Thomas Shaknovsky botched the surgery of William Bryan, 70, who died on the operating table
According to Shaknovksy’s deposition, after removing Bryan’s liver, the surgeon instructed a nurse to label the organ as a “spleen” – and he also identified it as a spleen in Bryan’s postoperative notes. Shaknovsky later said he had been “mentally compromised” at the time of Bryan’s death, explaining that he was “devastated, demoralized, crying over his passing, felt that I failed him”.

Though this was an idiocity, I think we need to be careful with just blaming the surgeon and that’s it.
Errors like this usually happen because of a chain of various circumstances and other little mistakes, like with airplane crashes.
I think it would be much better that we treat these sort of incidents like airplane crashes. Investigate everything that went wrong, all causes, without focussing on guilt during the investigation. Guilt can be determined from the results of that, but primarily I want that we get data on how this happened in the first place, and what we can do to avoid this from happening again.
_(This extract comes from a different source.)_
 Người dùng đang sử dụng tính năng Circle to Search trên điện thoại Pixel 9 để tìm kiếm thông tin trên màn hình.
This strategy was highly successful in aviation, I’d like to see that applied here too because too much shit still goes too much wrong in healthcare
It’s been a while since I’ve operated on anyone (consentually, at least). I know some doctors can be so arrogant that you don’t ever want to second-guess them or correct them for fear of bring berated. Aren’t there other people directly over the patient who might butt in and say “hey, are you sure that’s the right part?”
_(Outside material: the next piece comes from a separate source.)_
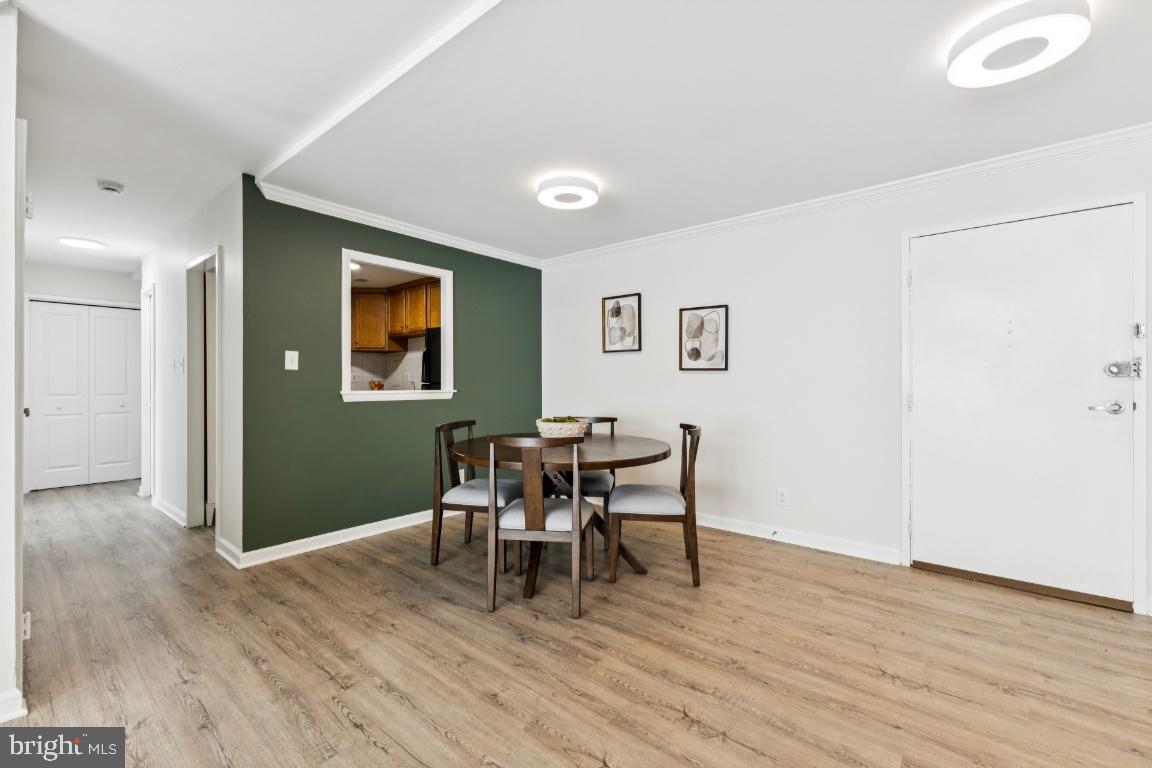 10570 MAIN ST #202, FAIRFAX, Virginia 22030, 2 Bedrooms Bedrooms, 6 Rooms Rooms,1 BathroomBathrooms,Residential,For sale,10570 MAIN ST #202,VAFC2007772 MLS # VAFC2007772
I soooo wanna know about the implied non-consensual operations…
It’s the doctor from The Human Centipede.
Music video version https://www.youtube.com/watch?v=GFokXnCCMf8
There has been, as I recall, all sorts of fucked up nonsense, usually involving minorities and women. Go in for one thing and oh whoops, you’re sterile now! A lot of insane shit like that. People going to the doctor’s to figure out a problem with an organ they didn’t realize that they no longer have, that kinda bullshit.
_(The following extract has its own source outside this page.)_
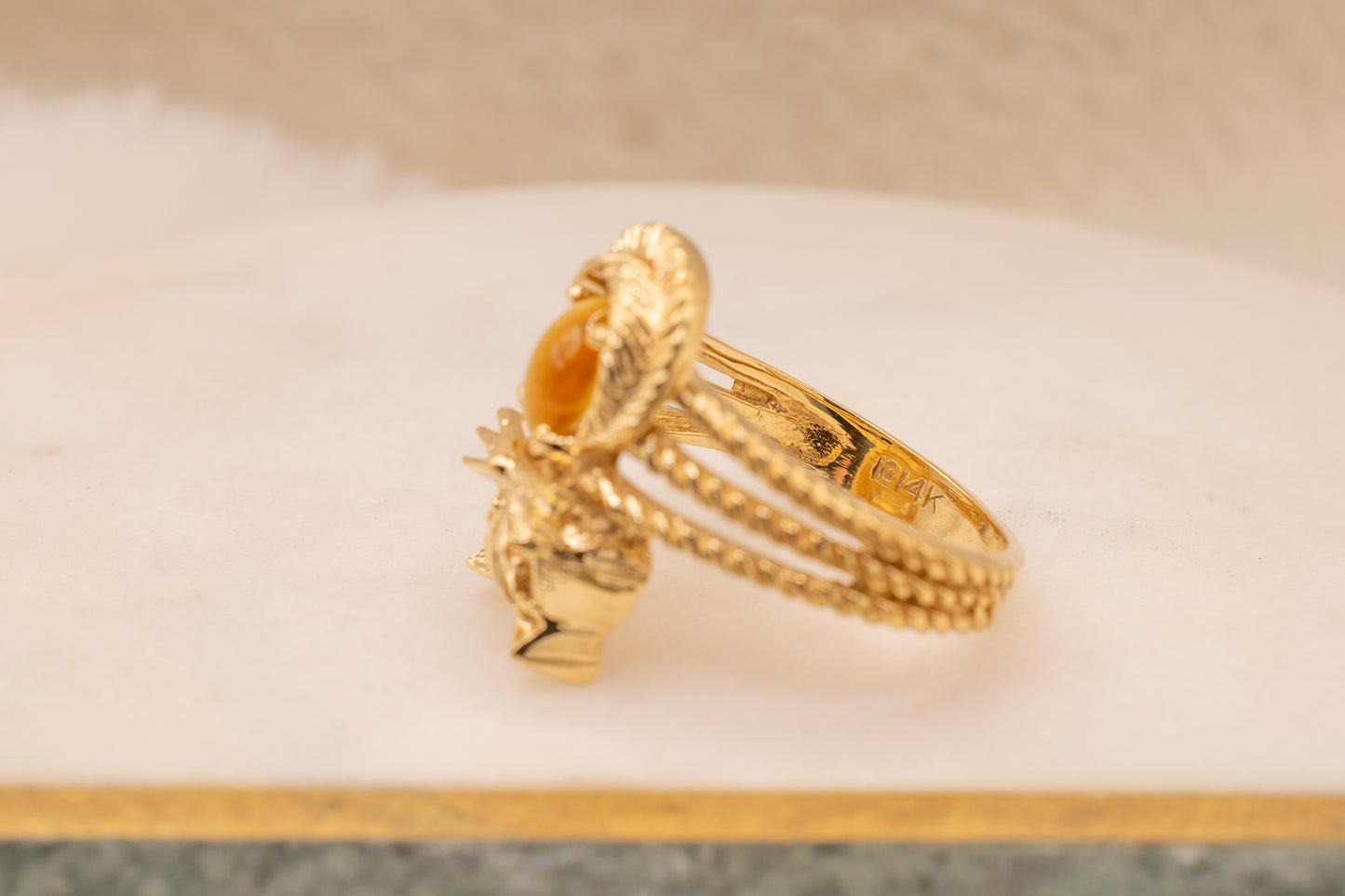 Vintage 14k Yellow Gold Tiger's Eye Quartz & Diamond Kitty Cat Rope Detail Ring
That entire “don’t ever want to second guess them” was put upside down with airplane captains where they are.trained to communicate and not be afraid to speak up when they see a problem, lest we have a other Tenerife incident
Yeah there’s a reason they have kinda long checklists when doing operations.
People have had the wrong leg cut off etc. Although that’s perhaps a more understandably a bureaucratic mistake instead of a surgeon mistaking a liver for a spleen. But granted, I’ve never cut into the human body so even though they’re pretty distinct in graphics, once covered in blood and whatnot they might not look so different. Idk. But I think he should have.
Yep the main driver is that people didn’t need to fly, it’s an option, so they had incentives to make it look safe (just being safe is very hard but not enough).
While most surgeries are not really optional and the only incentives are profit by hospitals. What are you going to do, not have surgery?